- **Dataset content**:
[Start of Attachment]

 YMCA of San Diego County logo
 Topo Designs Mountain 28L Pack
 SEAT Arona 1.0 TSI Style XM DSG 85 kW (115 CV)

[End of Attachment]
[Start of Attachment]

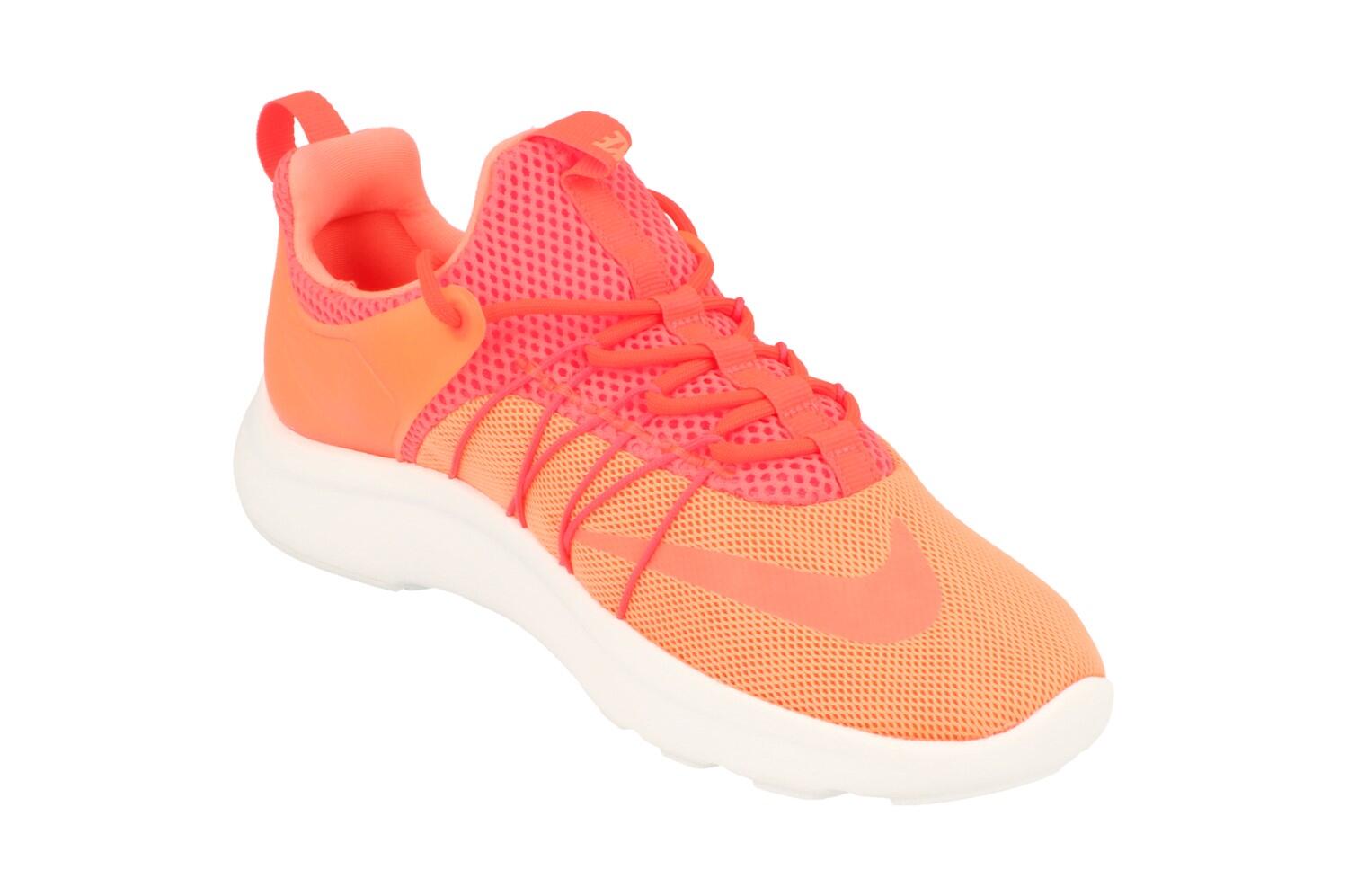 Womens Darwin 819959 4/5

[End of Attachment]
[Start of Attachment]

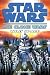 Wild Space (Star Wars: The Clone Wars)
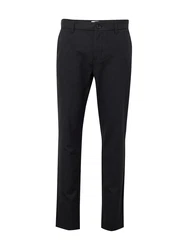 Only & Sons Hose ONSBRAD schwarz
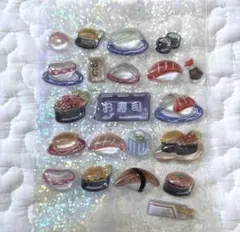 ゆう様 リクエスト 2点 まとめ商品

[End of Attachment]

- **What needs to be done**: Copy word for word the span of the records above that begins at the line with "Only & Sons Hose ONSBRAD schwarz" and ends at the line with "ゆう様 リクエスト 2点 まとめ商品", including those two lines but not the pictures.

- **Exercise output**:
 Only & Sons Hose ONSBRAD schwarz
 ゆう様 リクエスト 2点 まとめ商品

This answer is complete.